I don't think you need to leave it 3 months, that's quite extreme and you will need your support structure to help you. This includes spending time with them for your own sanity

tldr · 17/02/2020 21:21

For us, after about 6 weeks, one set of GPs visited for the afternoon. Another few weeks later, the other set of GPs came for a few days, but crucially, they stayed in a hotel and not with us. (They stay with us now, just not that first early visit.)

jpatinom · 18/02/2020 14:43

Thanks @CottonHeadedNinnyMug
I'm new here and I'm not familiar with all the acronyms. What is LO? (and also ds, dm, and others that star with "d")

OP posts:
CottonHeadedNinnyMug · 18/02/2020 15:07

Sorry - LO is little one, but you might say AD / AS for adopted daughter /son.

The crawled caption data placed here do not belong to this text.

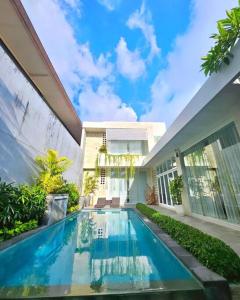 Nikaya Villa - 3 Bedrooms Near Seminyak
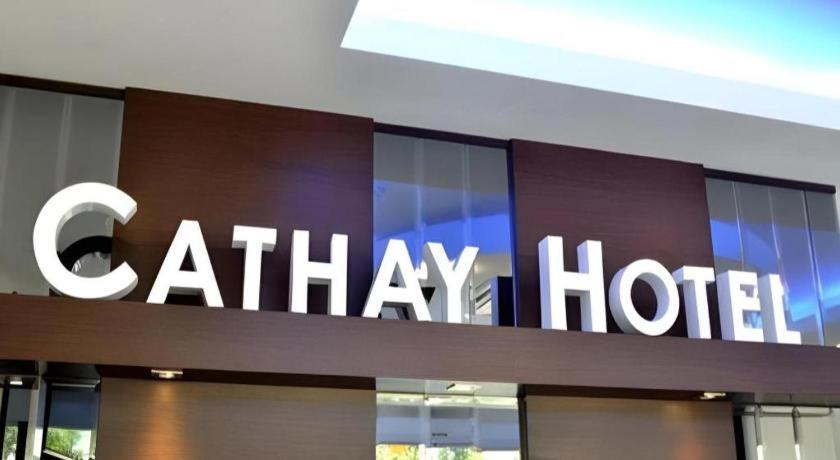 Cathay Hotel Kota Kinabalu Exterior photo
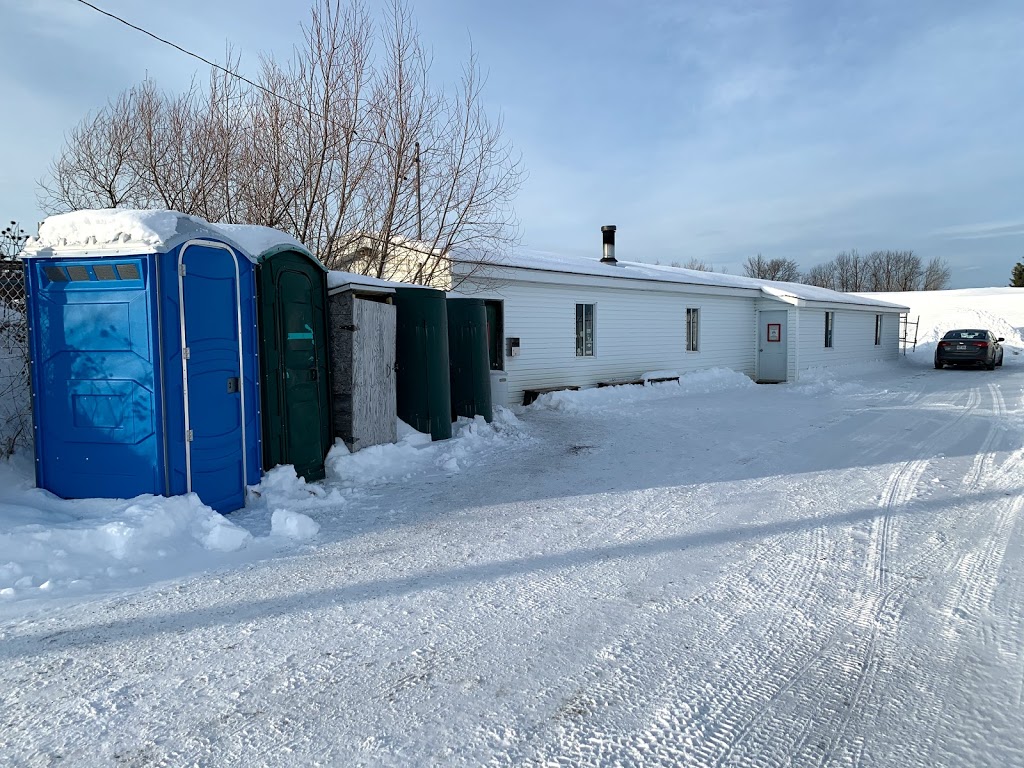 Pêcheurs & Chasseurs Montréal | 130 Chemin du Ruisseau-des-Noyers, Saint-Jean-sur-Richelieu, QC J2Y 1G9, Canada | Phone: (450) 348-5566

Or you might say DD for dear daughter DS for dear son...
DH and DW dear husband, dear wife!
DM DF, dear mother, dear father and so on and so forth!!

Toddlerx2 · 19/02/2020 02:37

We live in a different country to our extended family so can relate. My inlaws had the attitude of 'try and stop me coming out immediately' and I was very firm on the fact I would! My parents visited 2 months after our children came home but stayed in a hotel, I am so pleased they did as the children were not ready for over night guests! It's difficult to predict how your child(ren) will settle so having space and options is really important, can your mum stay in a hotel to allow for flexibility?
In relation to your wife's desire to cocoon, we cocooned for a month and didn't see anyone, it was right for us and I am so pleased we did it. After that we started introducing 'family' (they are friends but we live away from family so are our family) in neutral spaces like playgrounds and for short periods of time and as time has gone on this has increased but we kept our world small for the first 2 months. Now they are well settled and can handle all interactions in their space. My inlaws are currently visiting and staying with us and all is well but having control over the early days was really important and paid off.

clairedelalune · 19/02/2020 07:28

Could your mum come over and stay in hotel/rent a flat or something? I don't think introducing them is a prob, i do think having to stay in the house could be; the house needs to be the child's safe place with no intrusion. 3 months funneling would have finished me off... a lot depends on the child. Mine met grandparents during introductions but partly because they live really near and we see each other several times a week, I was able to explain that they come and then go back to their house. I would suggest your mum stays elsewhere and doesn't expect to see you all every day.